▶ _Assigned task_: Transcribe the data below verbatim from the line with "Fashion Star Moon" to the line with "Yoga at the Las Vegas Ballpark!". Include both of those lines.

▶ _Data for this task_:
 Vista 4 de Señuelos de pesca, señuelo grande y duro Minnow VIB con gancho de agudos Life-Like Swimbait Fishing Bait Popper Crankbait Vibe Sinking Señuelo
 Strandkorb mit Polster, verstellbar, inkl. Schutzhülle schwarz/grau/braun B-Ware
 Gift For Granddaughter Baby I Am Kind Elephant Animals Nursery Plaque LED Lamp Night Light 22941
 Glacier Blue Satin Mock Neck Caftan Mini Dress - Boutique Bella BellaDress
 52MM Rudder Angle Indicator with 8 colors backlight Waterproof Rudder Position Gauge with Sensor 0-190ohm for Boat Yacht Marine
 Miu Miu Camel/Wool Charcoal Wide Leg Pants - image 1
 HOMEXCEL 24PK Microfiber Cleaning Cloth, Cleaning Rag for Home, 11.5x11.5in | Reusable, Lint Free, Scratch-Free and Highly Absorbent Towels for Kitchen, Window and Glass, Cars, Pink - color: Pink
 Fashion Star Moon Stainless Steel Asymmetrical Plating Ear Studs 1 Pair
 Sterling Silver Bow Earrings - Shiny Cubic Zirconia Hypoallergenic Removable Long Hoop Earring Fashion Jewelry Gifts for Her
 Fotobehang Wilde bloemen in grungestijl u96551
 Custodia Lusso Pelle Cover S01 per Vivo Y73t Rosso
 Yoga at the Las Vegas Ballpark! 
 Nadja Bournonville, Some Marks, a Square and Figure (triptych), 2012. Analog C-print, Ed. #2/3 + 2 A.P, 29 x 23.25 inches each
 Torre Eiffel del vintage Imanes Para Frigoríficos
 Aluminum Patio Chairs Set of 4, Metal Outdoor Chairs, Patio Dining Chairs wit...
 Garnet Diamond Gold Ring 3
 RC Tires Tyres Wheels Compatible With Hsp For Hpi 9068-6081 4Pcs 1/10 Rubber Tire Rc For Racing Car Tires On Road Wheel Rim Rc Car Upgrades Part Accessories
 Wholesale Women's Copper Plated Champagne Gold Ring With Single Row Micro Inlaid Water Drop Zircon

▶ _Output of the exercise_:
 Fashion Star Moon Stainless Steel Asymmetrical Plating Ear Studs 1 Pair
 Sterling Silver Bow Earrings - Shiny Cubic Zirconia Hypoallergenic Removable Long Hoop Earring Fashion Jewelry Gifts for Her
 Fotobehang Wilde bloemen in grungestijl u96551
 Custodia Lusso Pelle Cover S01 per Vivo Y73t Rosso
 Yoga at the Las Vegas Ballpark! 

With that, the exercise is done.